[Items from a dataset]
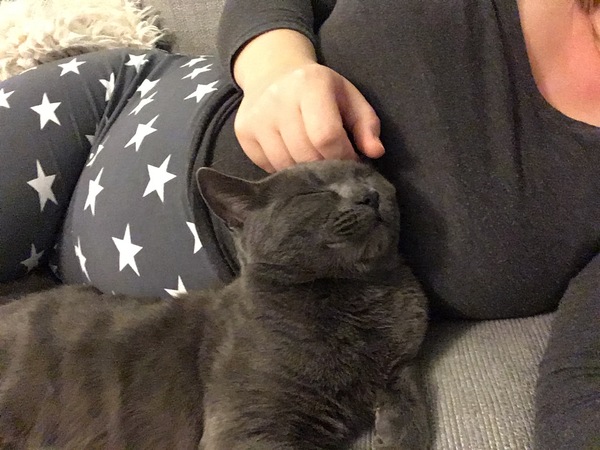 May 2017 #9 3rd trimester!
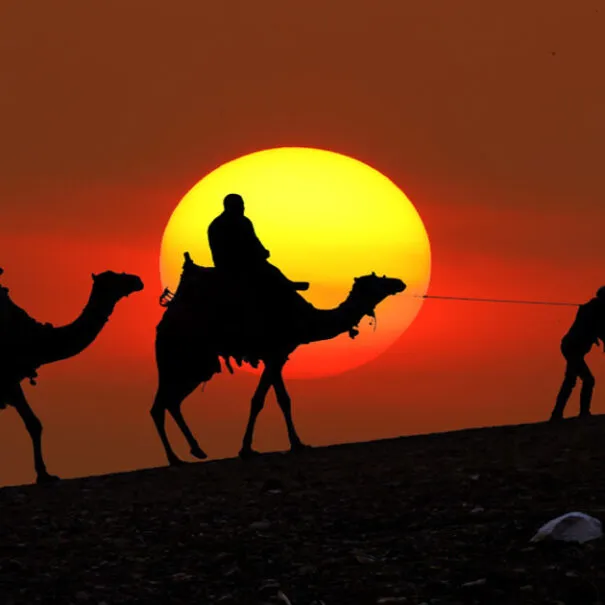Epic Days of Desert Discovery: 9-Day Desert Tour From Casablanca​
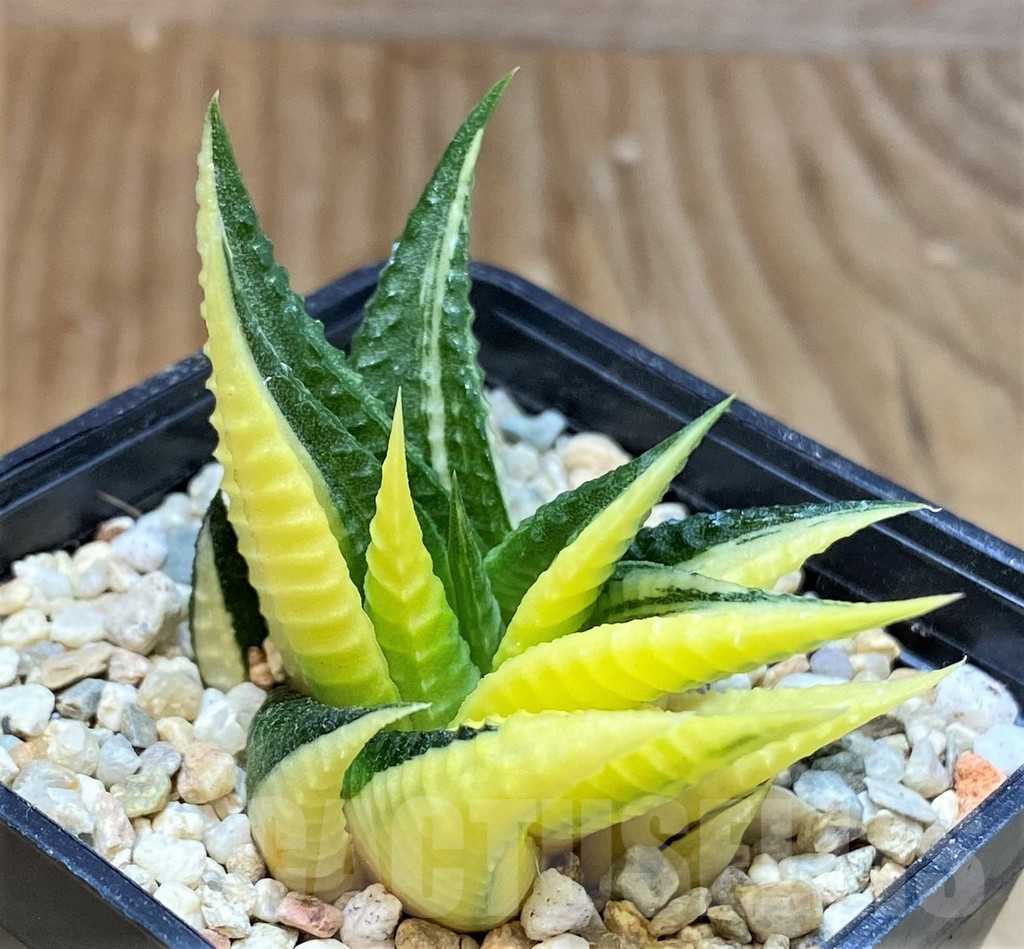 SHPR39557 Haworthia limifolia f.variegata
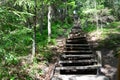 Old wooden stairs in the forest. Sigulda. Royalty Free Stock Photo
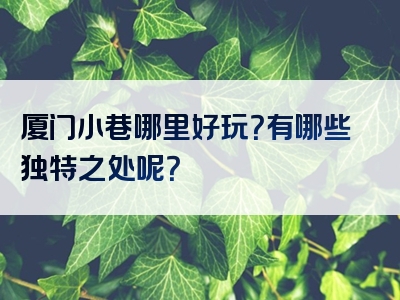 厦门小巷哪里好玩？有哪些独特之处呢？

YOUR INSTRUCTIONS
Return the preceding entries exactly, each word as given, but leave out any picture.

RESPONSE
 May 2017 #9 3rd trimester!
Epic Days of Desert Discovery: 9-Day Desert Tour From Casablanca​
 SHPR39557 Haworthia limifolia f.variegata
 Old wooden stairs in the forest. Sigulda. Royalty Free Stock Photo
 厦门小巷哪里好玩？有哪些独特之处呢？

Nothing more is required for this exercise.